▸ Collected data

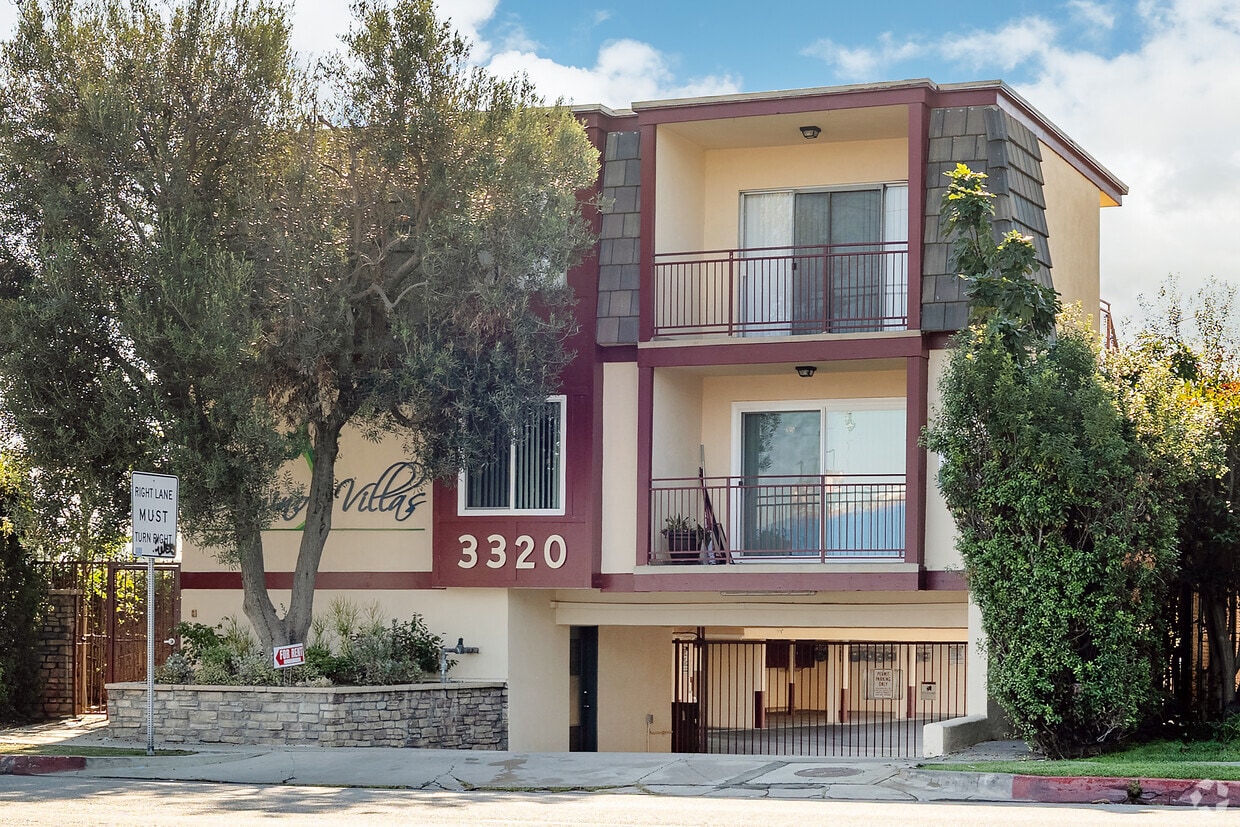 Foto principal - 3320 Redondo Beach Blvd.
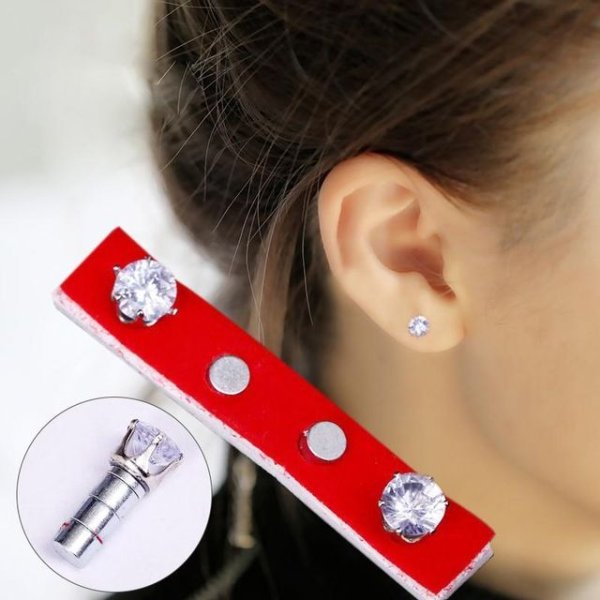 Наклейка для ушей цена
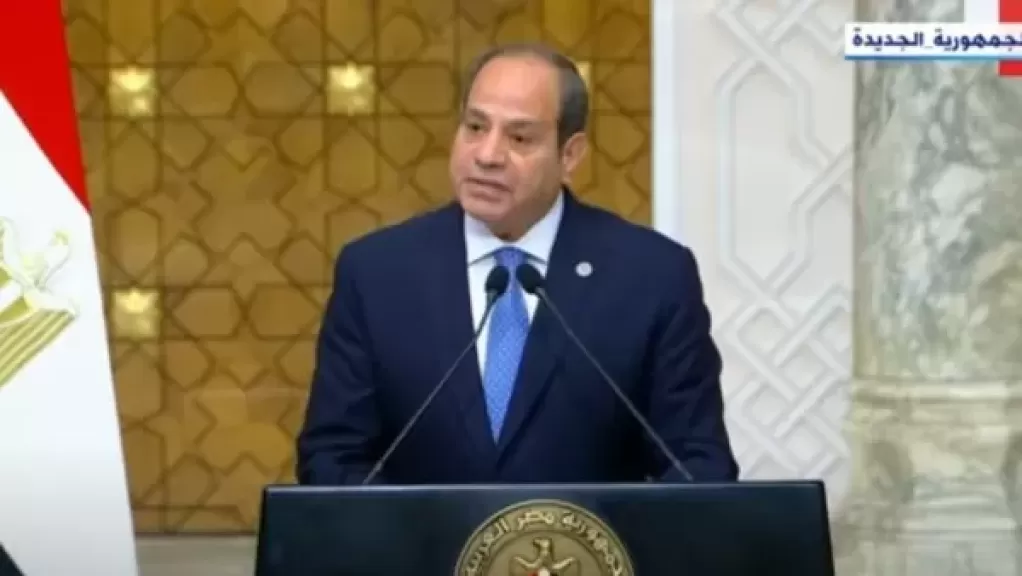الرئيس السيسي يستمع إلى شرح بمزرعة الخير حول منتجاتها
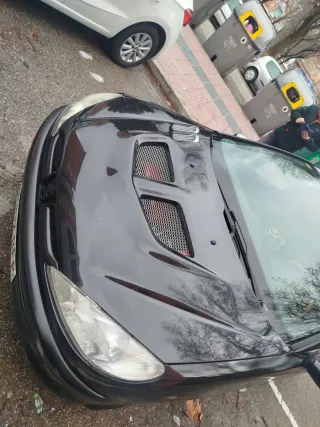 Capot 206 y pilotos led traseros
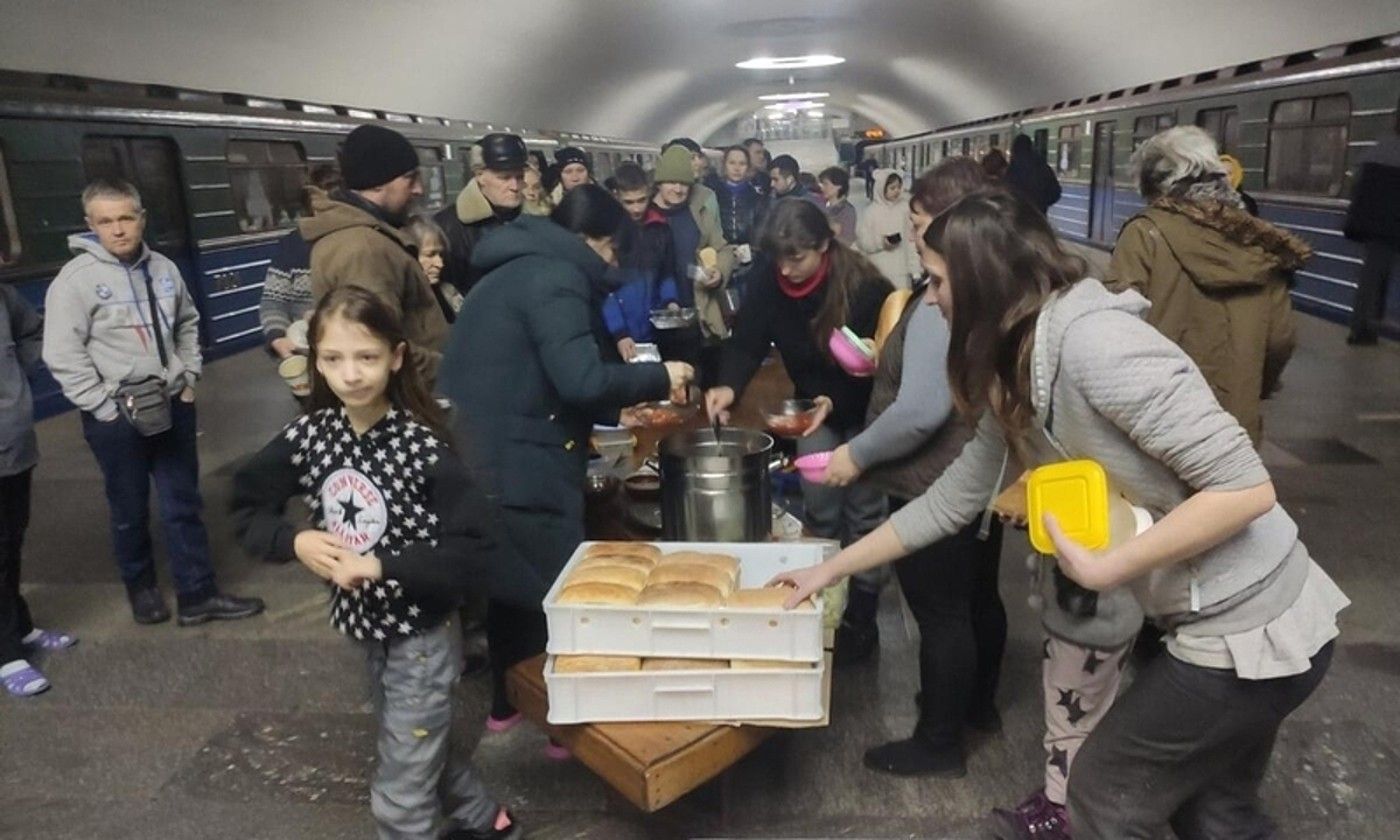 Adin guztietako zibilak Kharkiv hiriko metroko geltoki batean, Munduko Elikadura Programak Ukrainara bidalitako janaria hartzen. WFP.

▸ Problem to work on
Restate the data exactly, though only from the line that contains "الرئيس السيسي يستمع" through its last line, both ends included and with the pictures left out.

▸ Result for this task
الرئيس السيسي يستمع إلى شرح بمزرعة الخير حول منتجاتها
 Capot 206 y pilotos led traseros
 Adin guztietako zibilak Kharkiv hiriko metroko geltoki batean, Munduko Elikadura Programak Ukrainara bidalitako janaria hartzen. WFP.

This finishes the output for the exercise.